Wherever a picture appears, leave it out, and transcribe the rest of the records exactly.

BEGIN

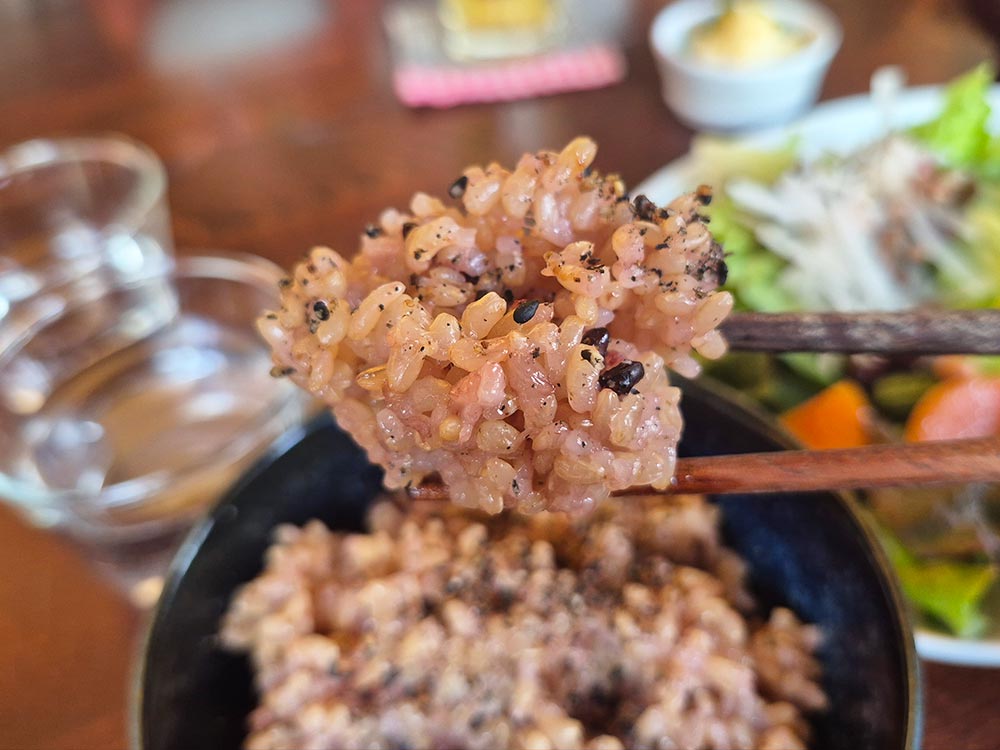 cafe-Stay-Happyの玄米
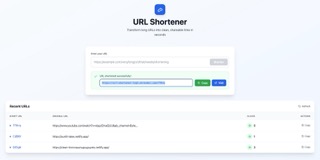URL shortener
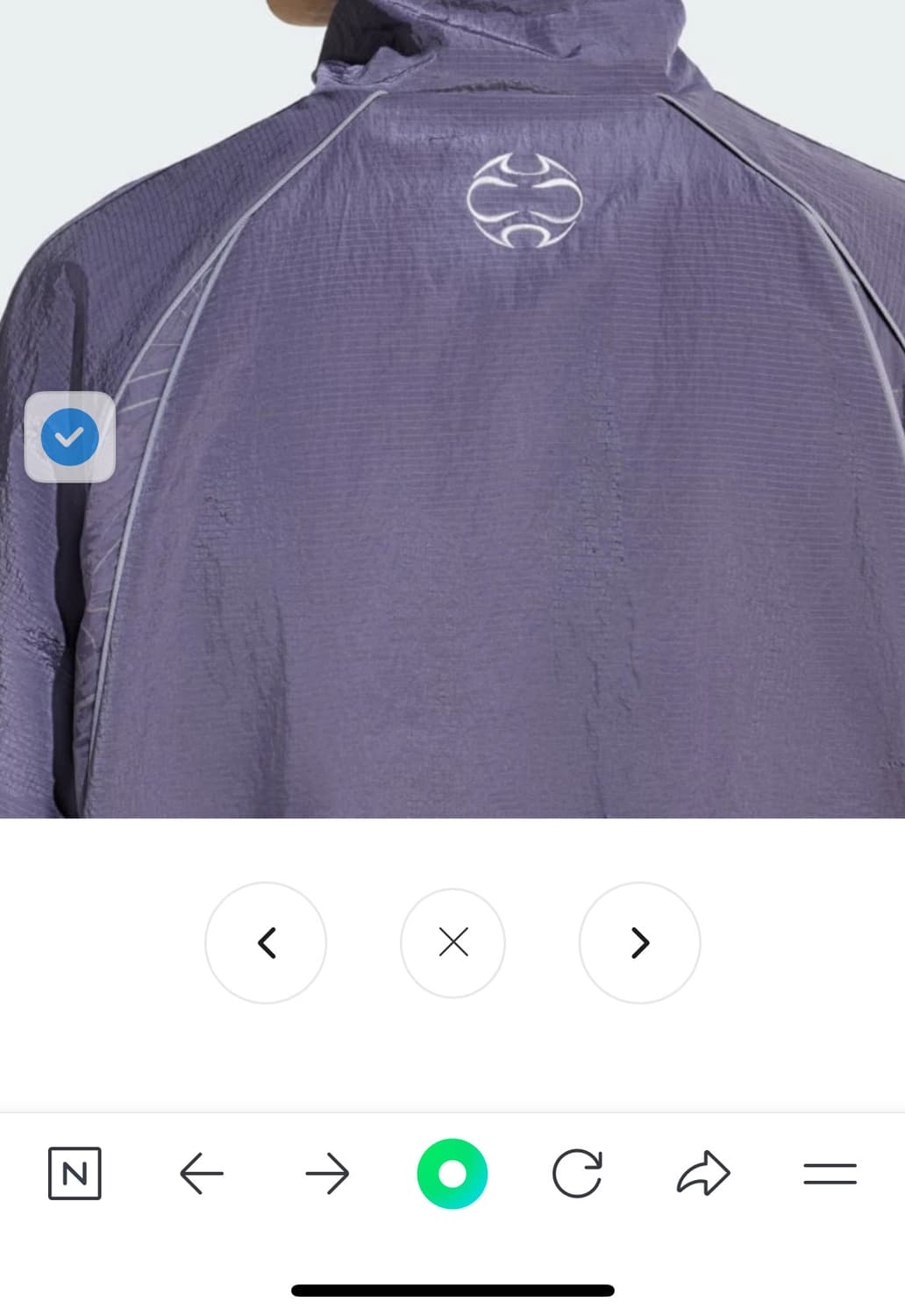 아디다스 아딜레니움 트랙탑 M 셋업 상품이미지3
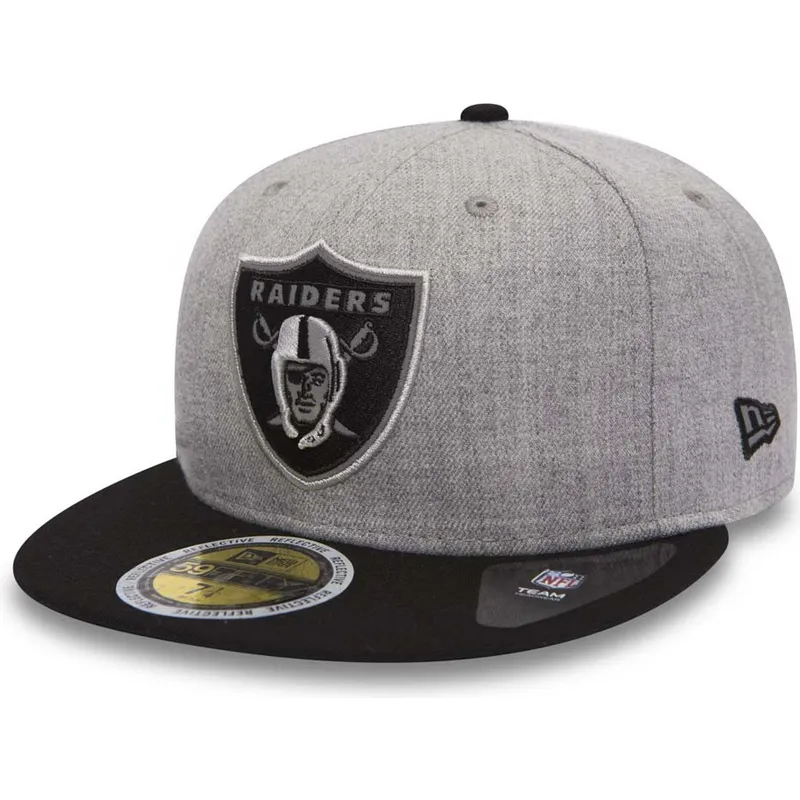 cepur-plakana-peleks-pieguloss-59fifty-reflective-heather-no-las-vegas-raiders-nfl-no-new-era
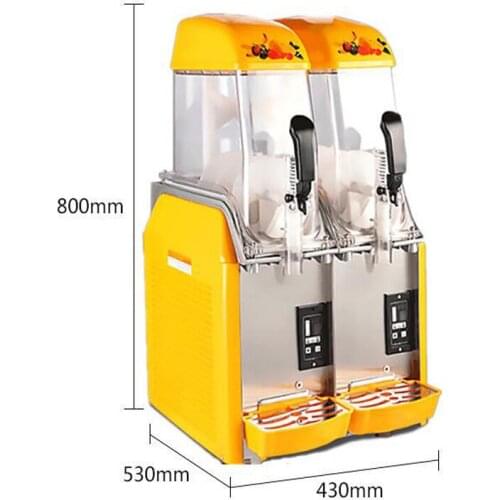 New Hot Selling Continuous Ice Machine Commercial Ice Shaver Machine Shaved Snow Ice Crusher Machine Sell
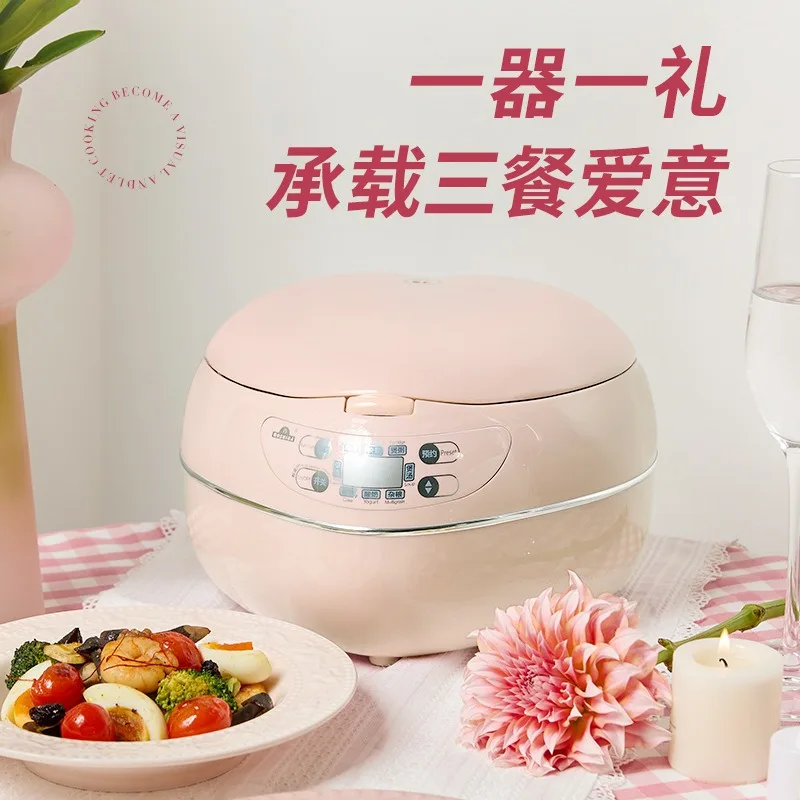 หม้อหุงข้าวรูปหัวใจ สีชมพู 1.8 - Baby Rice Food บทวิจารณ์และราคา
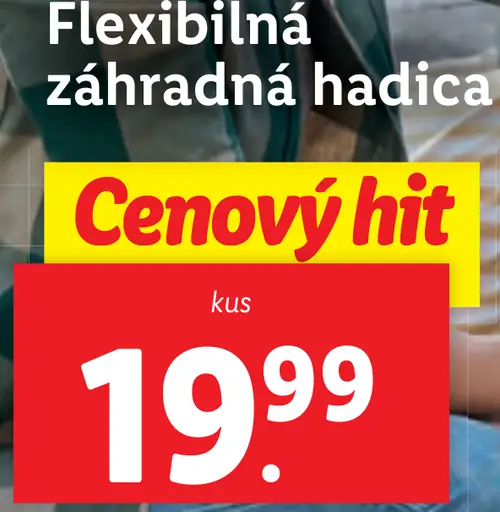 Flexibilná záhradná hadica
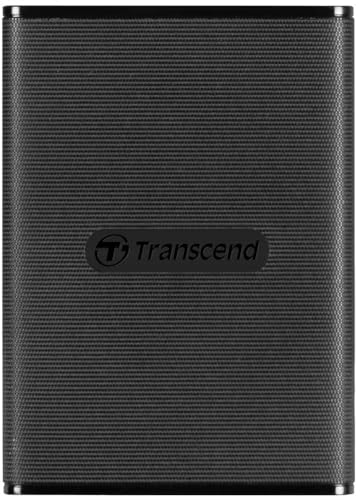 Transcend 2TB ESD270C Portable SSD USB 3.1 Gen 2 USB Type-C, Up to 520/460 MB/s, designed for desktops, laptops, on-the-go mobile devices and gaming consoles-TS2TESD270C
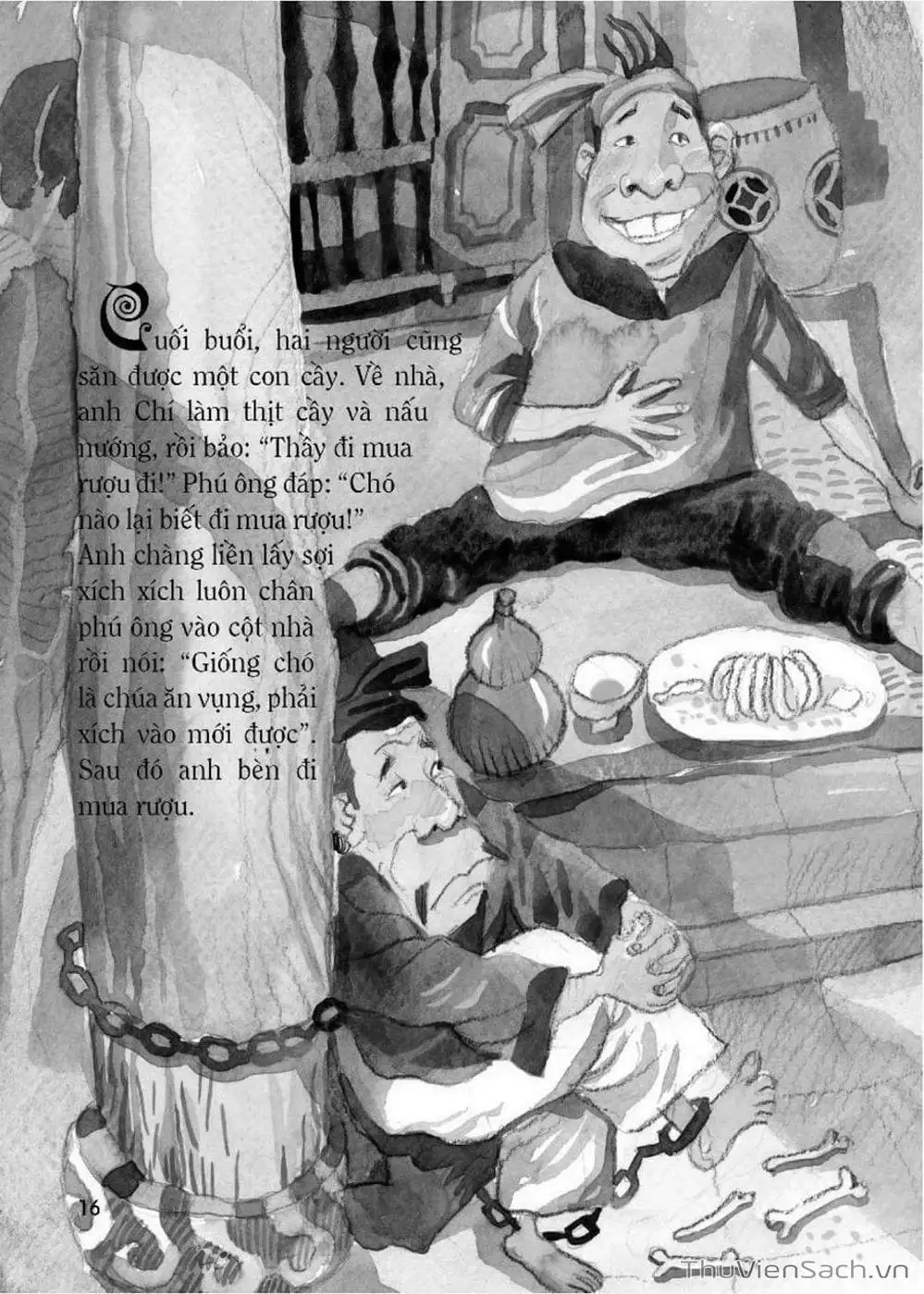 Truyện Tranh Truyện Cổ Tích Việt Nam trang 3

END

▸ Output for this task
 cafe-Stay-Happyの玄米
URL shortener
 아디다스 아딜레니움 트랙탑 M 셋업 상품이미지3
 cepur-plakana-peleks-pieguloss-59fifty-reflective-heather-no-las-vegas-raiders-nfl-no-new-era
 New Hot Selling Continuous Ice Machine Commercial Ice Shaver Machine Shaved Snow Ice Crusher Machine Sell
 หม้อหุงข้าวรูปหัวใจ สีชมพู 1.8 - Baby Rice Food บทวิจารณ์และราคา
 Flexibilná záhradná hadica
 Transcend 2TB ESD270C Portable SSD USB 3.1 Gen 2 USB Type-C, Up to 520/460 MB/s, designed for desktops, laptops, on-the-go mobile devices and gaming consoles-TS2TESD270C
 Truyện Tranh Truyện Cổ Tích Việt Nam trang 3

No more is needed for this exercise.